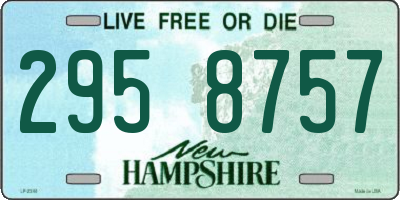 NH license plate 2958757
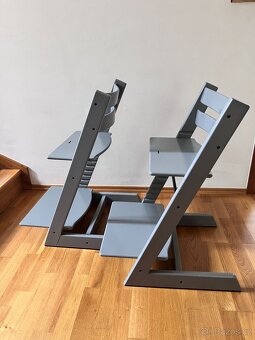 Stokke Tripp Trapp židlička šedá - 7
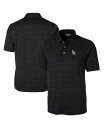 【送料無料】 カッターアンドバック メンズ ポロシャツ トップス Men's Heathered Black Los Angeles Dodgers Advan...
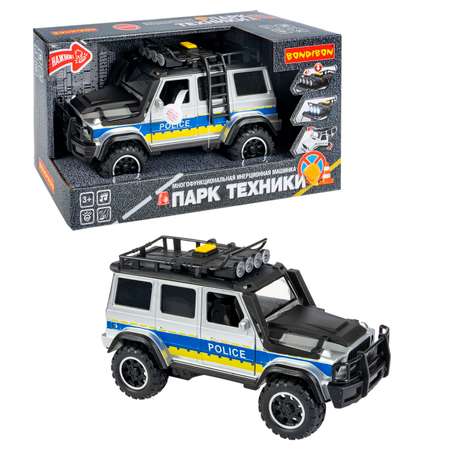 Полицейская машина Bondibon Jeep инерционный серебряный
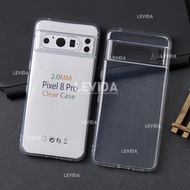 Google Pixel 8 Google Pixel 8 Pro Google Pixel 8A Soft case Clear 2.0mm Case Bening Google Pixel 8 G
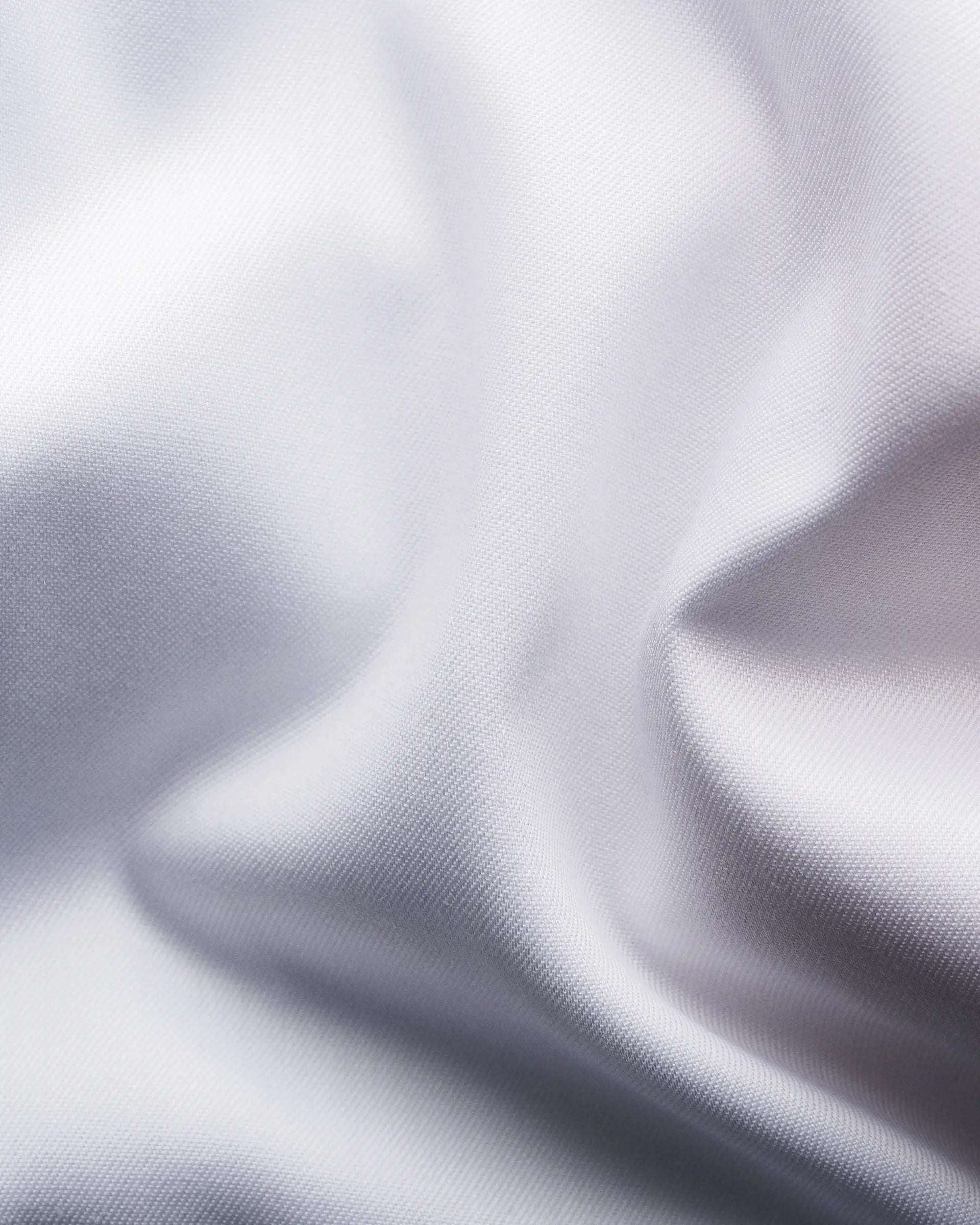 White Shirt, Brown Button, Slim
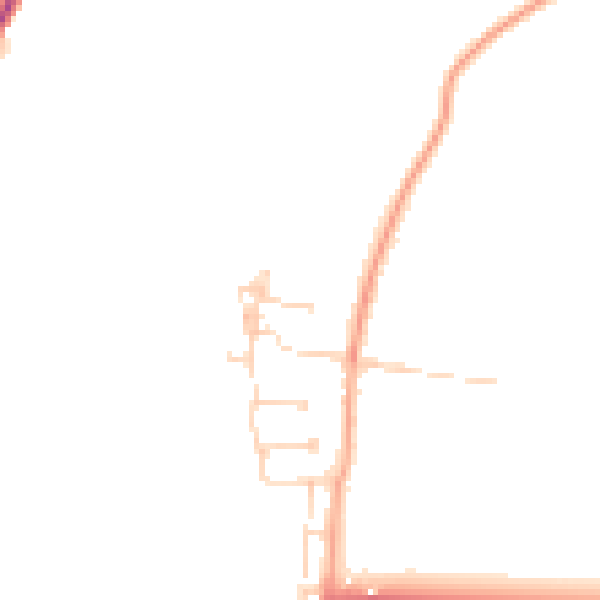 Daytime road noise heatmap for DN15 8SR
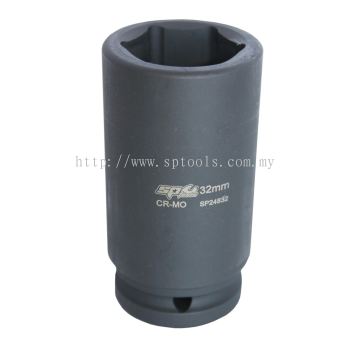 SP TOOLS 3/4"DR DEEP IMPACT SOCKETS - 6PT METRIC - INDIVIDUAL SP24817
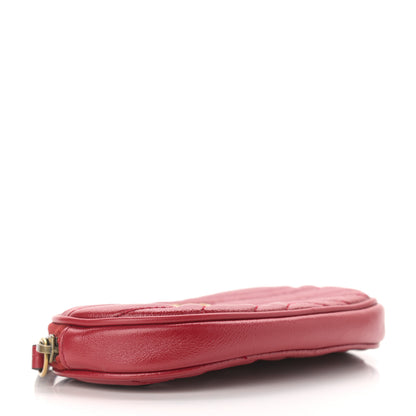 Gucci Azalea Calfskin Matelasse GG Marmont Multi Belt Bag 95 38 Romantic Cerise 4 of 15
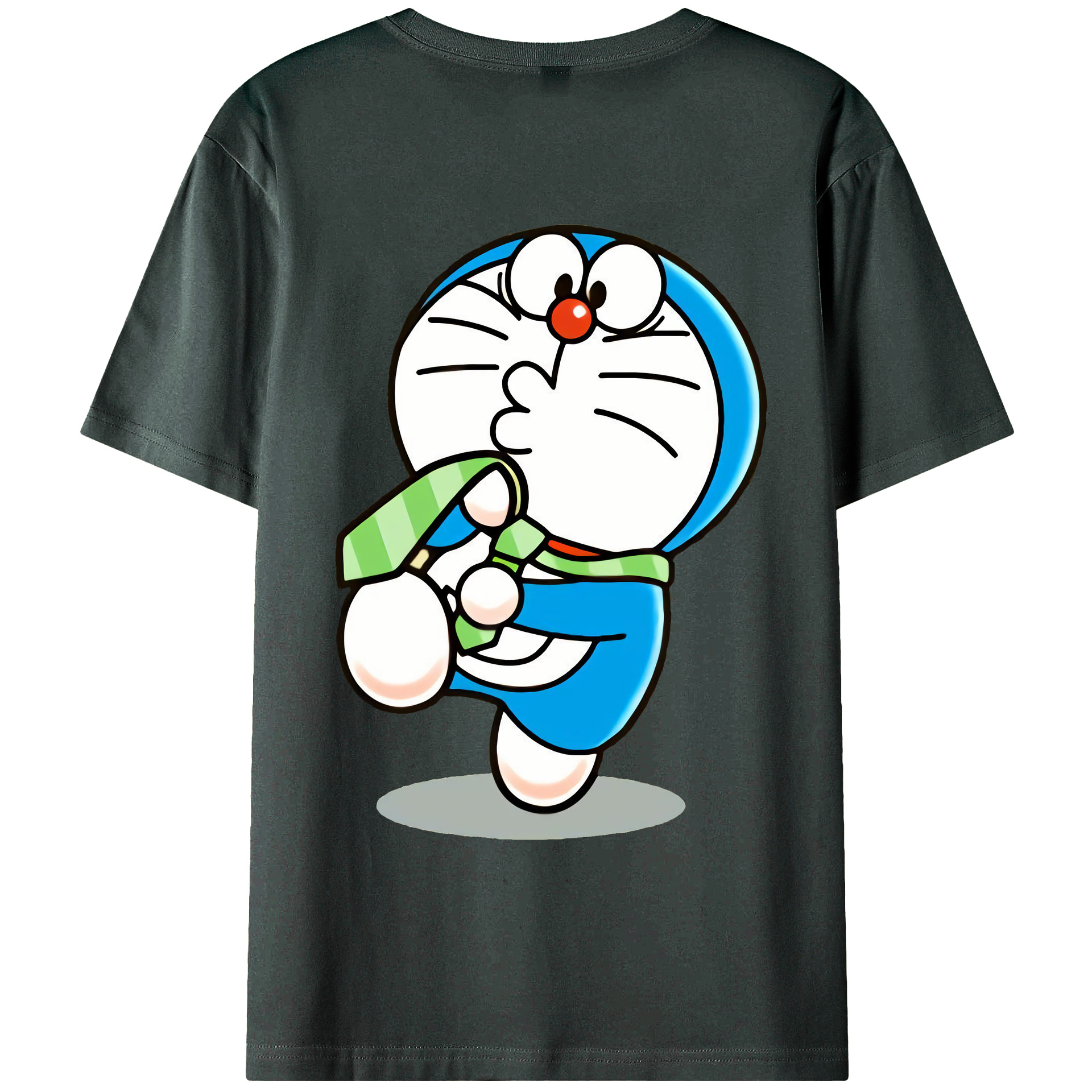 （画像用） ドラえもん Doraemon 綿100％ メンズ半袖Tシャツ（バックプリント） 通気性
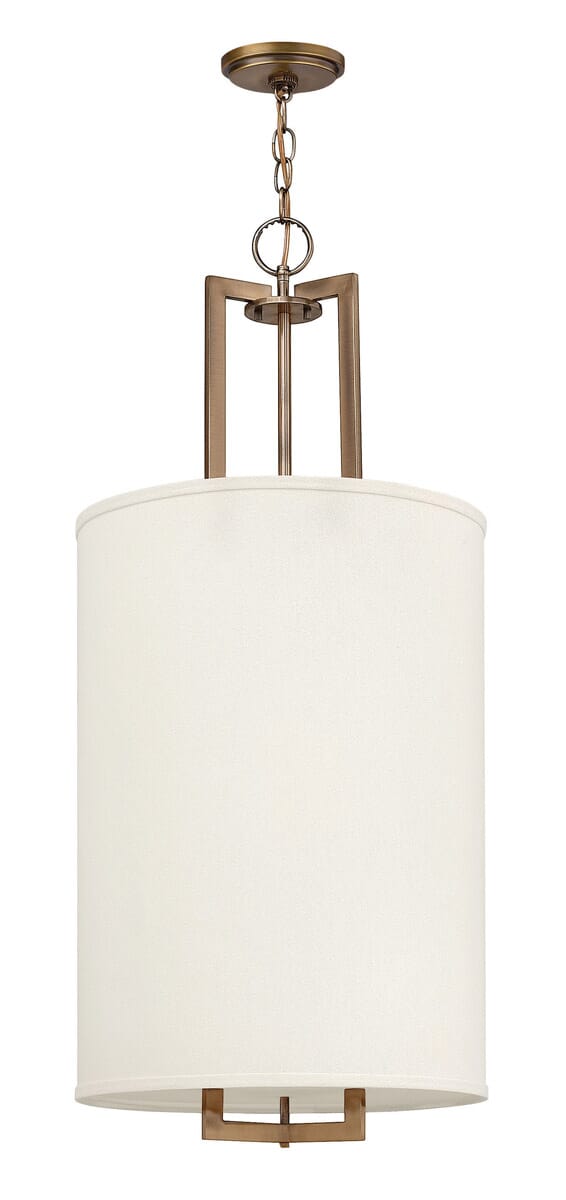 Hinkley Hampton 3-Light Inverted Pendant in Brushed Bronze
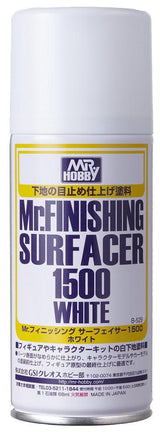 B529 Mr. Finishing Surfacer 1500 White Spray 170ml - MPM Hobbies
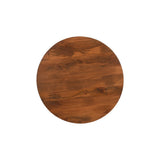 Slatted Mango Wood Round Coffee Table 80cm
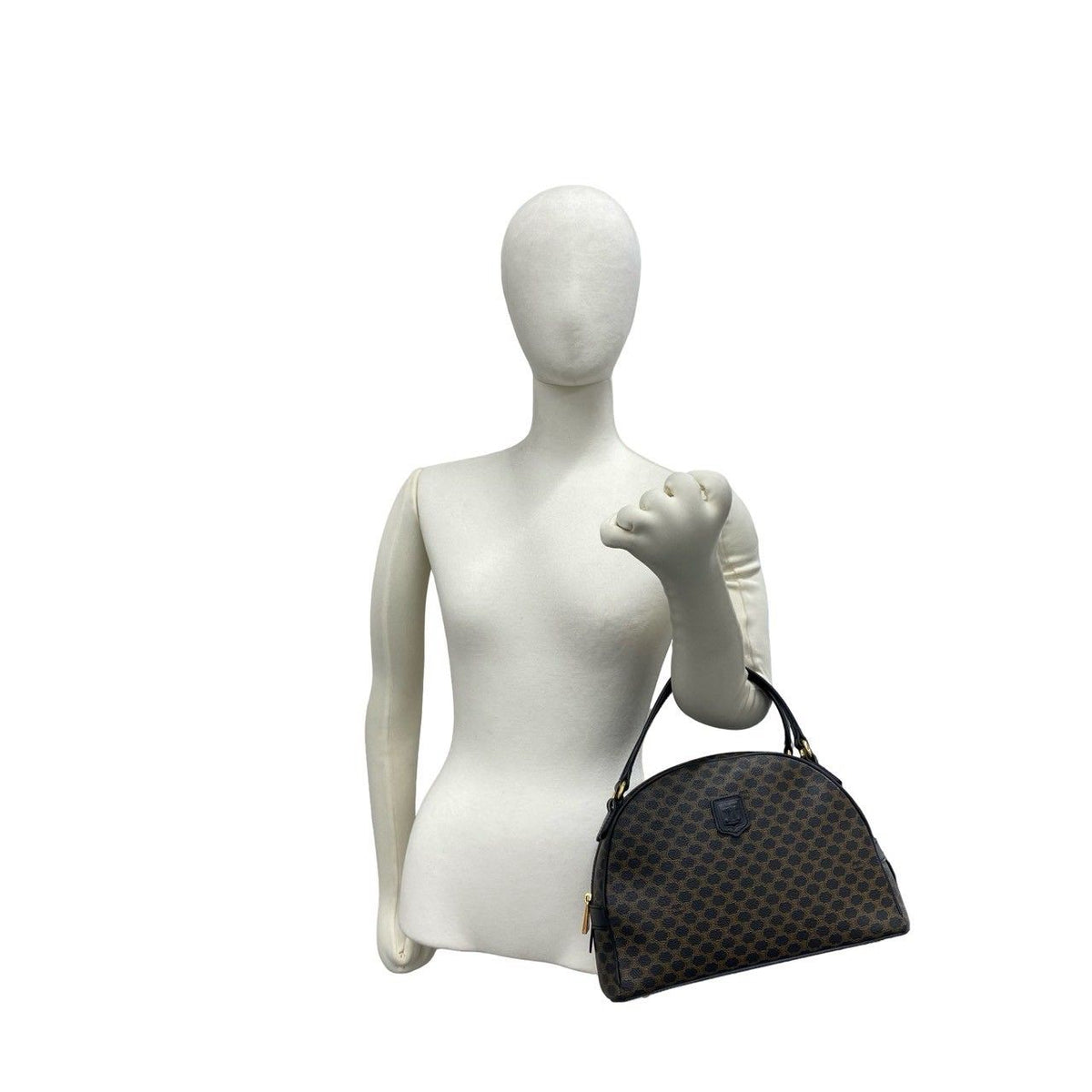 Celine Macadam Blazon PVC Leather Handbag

▬▬▬▬▬▬

Your task is to reproduce exactly the lines from the one with "Gucci Azalea Calfskin" to the end of the material, both included, with the pictures left out.

__Solution to this task__
 Gucci Azalea Calfskin Matelasse GG Marmont Multi Belt Bag 95 38 Romantic Cerise 4 of 15
 （画像用） ドラえもん Doraemon 綿100％ メンズ半袖Tシャツ（バックプリント） 通気性
 Hinkley Hampton 3-Light Inverted Pendant in Brushed Bronze
 B529 Mr. Finishing Surfacer 1500 White Spray 170ml - MPM Hobbies
 Slatted Mango Wood Round Coffee Table 80cm
 Celine Macadam Blazon PVC Leather Handbag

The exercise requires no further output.